»»
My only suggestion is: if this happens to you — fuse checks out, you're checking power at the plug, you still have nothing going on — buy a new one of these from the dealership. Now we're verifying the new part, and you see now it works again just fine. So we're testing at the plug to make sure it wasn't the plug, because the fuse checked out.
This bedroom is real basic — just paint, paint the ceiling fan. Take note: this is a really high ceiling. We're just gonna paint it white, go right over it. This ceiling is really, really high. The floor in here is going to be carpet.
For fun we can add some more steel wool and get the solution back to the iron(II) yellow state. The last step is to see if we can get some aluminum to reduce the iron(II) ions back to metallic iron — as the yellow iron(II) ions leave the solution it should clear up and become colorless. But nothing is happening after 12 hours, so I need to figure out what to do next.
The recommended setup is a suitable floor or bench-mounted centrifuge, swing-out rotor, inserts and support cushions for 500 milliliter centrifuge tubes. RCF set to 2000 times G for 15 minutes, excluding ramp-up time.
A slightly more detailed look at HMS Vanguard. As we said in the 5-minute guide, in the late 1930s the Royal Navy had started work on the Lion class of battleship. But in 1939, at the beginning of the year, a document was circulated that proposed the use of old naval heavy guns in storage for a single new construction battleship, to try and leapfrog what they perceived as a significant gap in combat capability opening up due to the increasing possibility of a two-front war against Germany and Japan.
««
»»
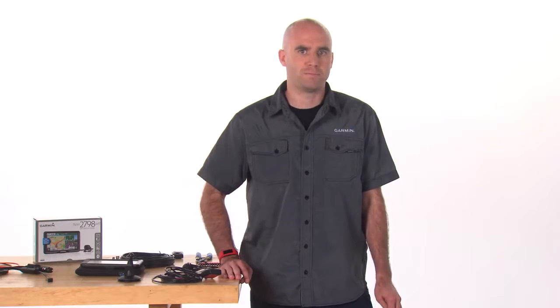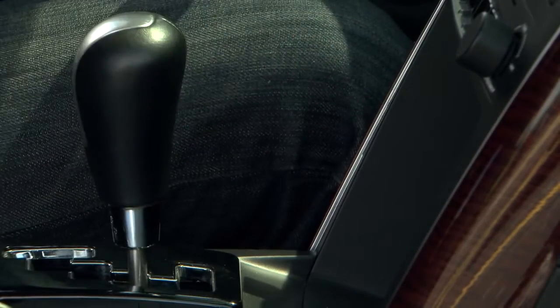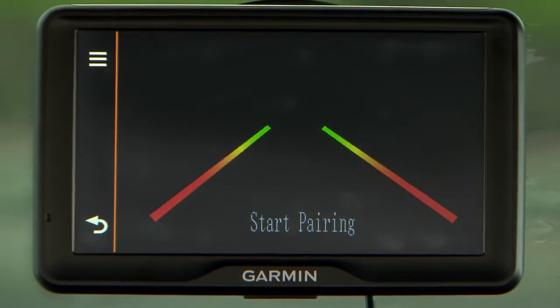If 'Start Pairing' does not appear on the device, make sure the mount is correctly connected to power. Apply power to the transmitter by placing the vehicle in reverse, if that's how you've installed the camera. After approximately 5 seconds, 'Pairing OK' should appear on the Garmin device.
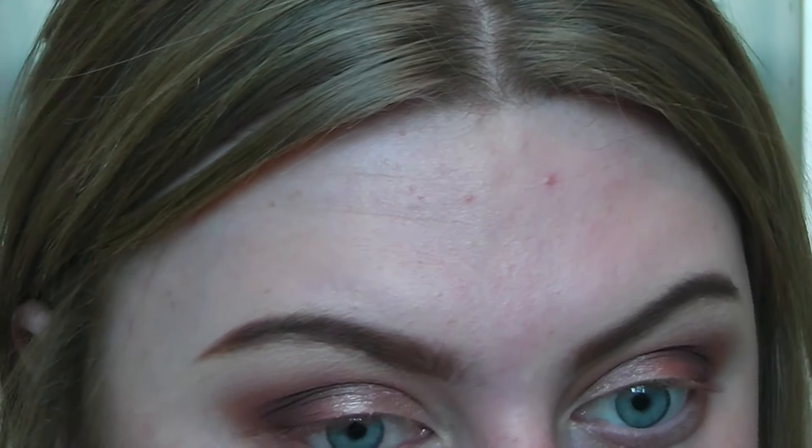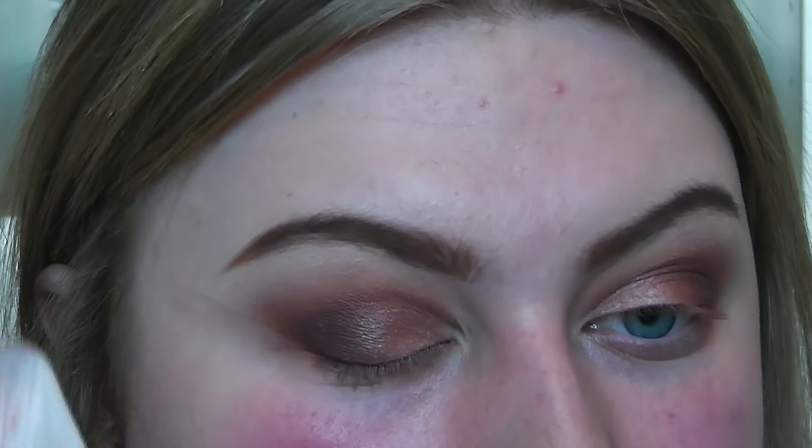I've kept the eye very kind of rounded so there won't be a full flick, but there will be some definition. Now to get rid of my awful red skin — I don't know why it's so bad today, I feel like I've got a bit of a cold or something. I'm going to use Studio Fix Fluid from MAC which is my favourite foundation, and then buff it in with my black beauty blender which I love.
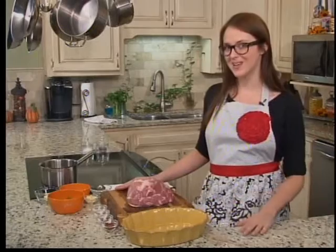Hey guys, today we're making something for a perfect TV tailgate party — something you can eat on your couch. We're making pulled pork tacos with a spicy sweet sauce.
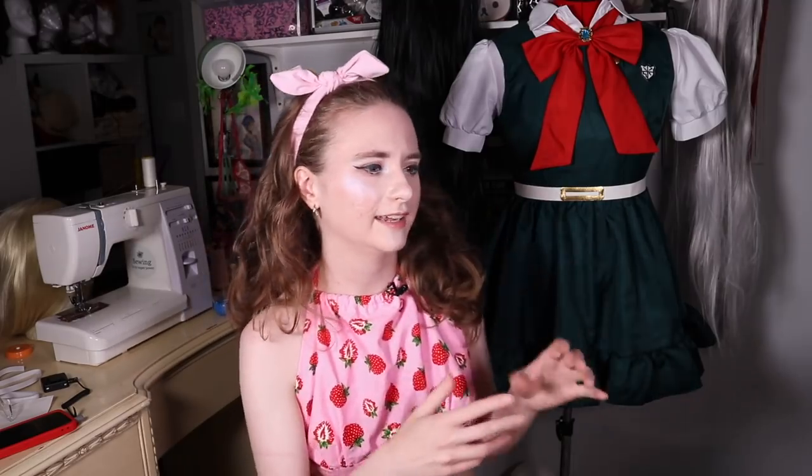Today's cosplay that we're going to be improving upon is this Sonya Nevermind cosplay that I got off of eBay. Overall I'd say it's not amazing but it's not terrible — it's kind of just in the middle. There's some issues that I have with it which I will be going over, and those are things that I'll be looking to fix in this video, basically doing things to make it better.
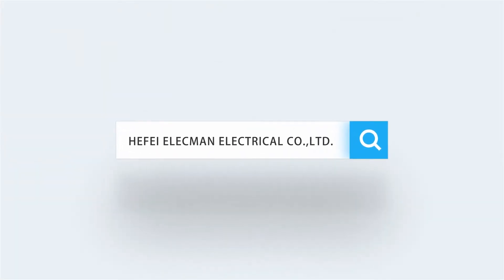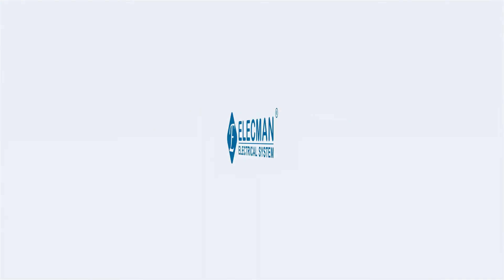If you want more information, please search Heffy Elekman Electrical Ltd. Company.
««
Using the listing above, return word for word each line from the one that has "This bedroom is" through the one that has "A slightly more", and no line outside that range.

This bedroom is real basic — just paint, paint the ceiling fan. Take note: this is a really high ceiling. We're just gonna paint it white, go right over it. This ceiling is really, really high. The floor in here is going to be carpet.
For fun we can add some more steel wool and get the solution back to the iron(II) yellow state. The last step is to see if we can get some aluminum to reduce the iron(II) ions back to metallic iron — as the yellow iron(II) ions leave the solution it should clear up and become colorless. But nothing is happening after 12 hours, so I need to figure out what to do next.
The recommended setup is a suitable floor or bench-mounted centrifuge, swing-out rotor, inserts and support cushions for 500 milliliter centrifuge tubes. RCF set to 2000 times G for 15 minutes, excluding ramp-up time.
A slightly more detailed look at HMS Vanguard. As we said in the 5-minute guide, in the late 1930s the Royal Navy had started work on the Lion class of battleship. But in 1939, at the beginning of the year, a document was circulated that proposed the use of old naval heavy guns in storage for a single new construction battleship, to try and leapfrog what they perceived as a significant gap in combat capability opening up due to the increasing possibility of a two-front war against Germany and Japan.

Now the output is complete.